===== THE RECORDS

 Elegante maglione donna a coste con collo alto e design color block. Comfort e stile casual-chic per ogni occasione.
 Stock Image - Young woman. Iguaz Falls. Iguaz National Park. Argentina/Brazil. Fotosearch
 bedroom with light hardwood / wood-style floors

==========
===== THE RECORDS

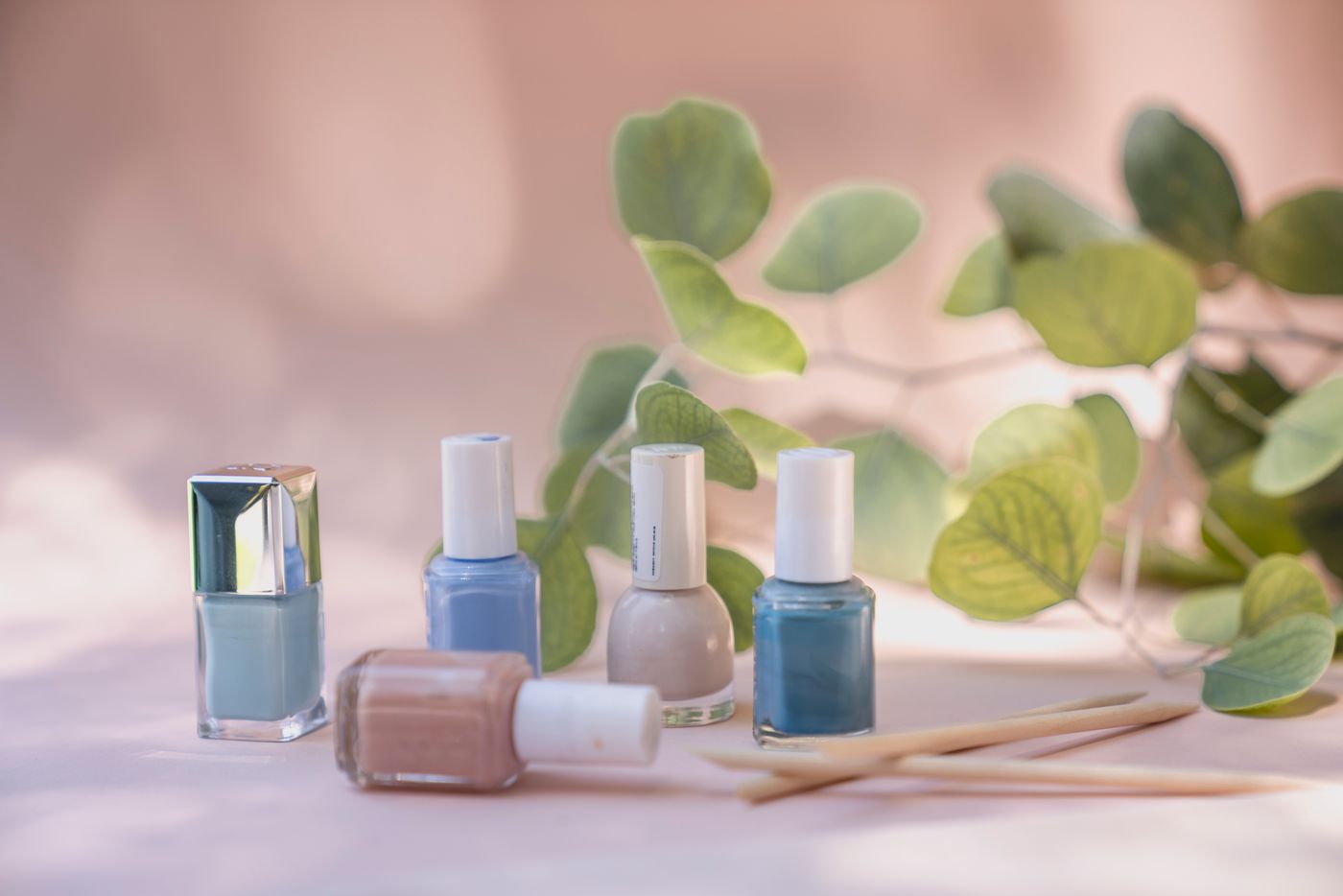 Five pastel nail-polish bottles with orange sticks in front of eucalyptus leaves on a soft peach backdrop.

==========

→ TO DO:
From the material above, copy exactly the lines between the line holding "Elegante maglione donna" and the line holding "bedroom with light", inclusive, and only those.

→ EXERCISE RESPONSE:
 Elegante maglione donna a coste con collo alto e design color block. Comfort e stile casual-chic per ogni occasione.
 Stock Image - Young woman. Iguaz Falls. Iguaz National Park. Argentina/Brazil. Fotosearch
 bedroom with light hardwood / wood-style floors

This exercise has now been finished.